High and Low: The Psalms and Suffering

I can be pretty hard on Calvinism. I grew up in an Arminian tradition and I still recall Sunday school lessons as a boy where we taught that doctrines such as Original Sin and predestination were wrong and unbiblical.

But I'd like to say something nice about Calvinism today. Less about Calvinism as a doctrinal stance than about its emotional appeal. Particularly when we confront pain and suffering the the world.

My observation in brief: When we face suffering some people like to go high and some people like to go low.

A few years ago I was helping lead a study of the Psalms in our adult bible class at church. We were using the categories of Walter Brueggemann grouping the Psalms under the headings psalms of orientation and psalms of disorientation. Psalms of orientation are the psalms of unmitigated praise. YHWH reigns supreme in these psalms and the world is well-ordered. By contrast, the psalms of disorientation are the psalms of protest and lament where YHWH has gone missing and the world seems to be falling apart.

As a Winter Christian (for more about "Sick Souls, Winter Christians and Saints of Darkness" see Chapter 6 in The Authenticity of Faith) I gravitate toward the psalms of disorientation. And I had assumed, going into the study on the Psalms, that anyone facing suffering or difficulties would also gravitate toward these psalms. When you are in distress you'd go to psalms that articulated that distress, right? That's what I do, so I just assumed everyone would do this.

But I was wrong. What I discovered was that many people go to the psalms of orientation--psalms of praise which declare God's control and sovereignty over a well-ordered creation--for comfort and solace in times of trouble. That struck me as strange. Why, when your world is falling apart, would you sing songs of a well-ordered and well-governed world?
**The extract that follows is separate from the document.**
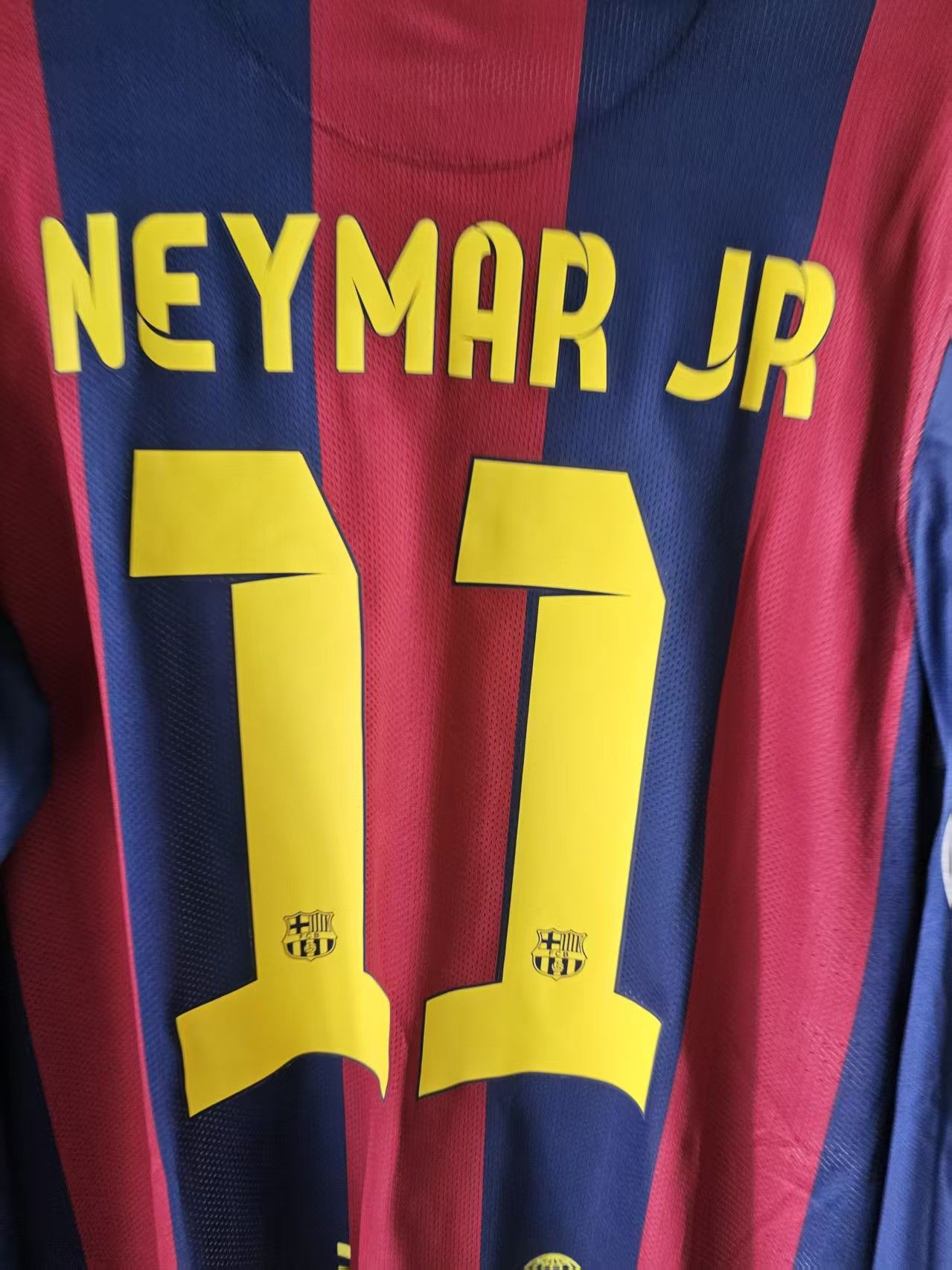 Other 2015 Barcelona #11 Neymar Jersey Longsleeve Size US XL / EU 56 / 4 - 5 Thumbnail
The answer, as I listened to people talk about this, how they used various psalms during times of trouble, was that some people want to take in the big picture, the view of heaven, in the face of suffering. That is, they want to see far down the road to see that all will be well in the end. That, despite appearances today, God is ultimately in control. And you get this view best in the psalms of orientation. To be sure, you sing these psalms with tears in your eyes. You weep them out. You offer them up as hope. But this long view, the view from heaven, helps you get through the day.

Like I said, some people like to go high.

But many others like to go low. That is, they like to stick close to the suffering on earth, to the painful human experience. The psalms of lament do this. They take the perspective of earth looking up to a blank and silent heaven. These psalms shake their fists at the sky. For many people, these are the psalms that best articulate the experience of their suffering. These words best fit their tears.

So some people like to go high and some people like to go low. Some people in the face of suffering want to climb into heaven and look down from God's sovereign vantage-point. Others want to stay close to the pain and scream at an empty sky.

Is one way better than the other? Is one way more honest or truthful?

I used to judge those who went high in the face of suffering. I felt that their appeals to God sovereignty were a form of denial, fantasy, and escapism. A too-easy move toward "God is in control and all is for the good." To be sure, I think this is often the case. I wrote a whole book in The Authenticity of Faith about how and why this happens. But over the years I've grown more understanding when people go high.

To be clear, I don't like it when others go high on behalf of those who are suffering. You don't say in trying to comfort the one in pain, "God willed this and it's for the best." You don't use the psalms of orientation as existential band-aids to patch people up. That's obscene. You don't go high for other people. If they want to climb into heaven to take in the view, great, but don't you do it for them.

What I'm talking about here is when those who are suffering go to the psalms of orientation on their own. When people do this I don't think they are being naive or escapist. Because, like I said above, I've seen how these psalms of praise are sung through tears. How they express hopes and longings as much as certainty and conviction. I've seen how these psalms, when paired with tears, are a sort of lament, a deep longing and cry for a place and time when pain shall be no more. A way of expressing the hope, in the words of Julian of Norwich, that "all shall be well, and all shall be well, and all manner of thing shall be well.”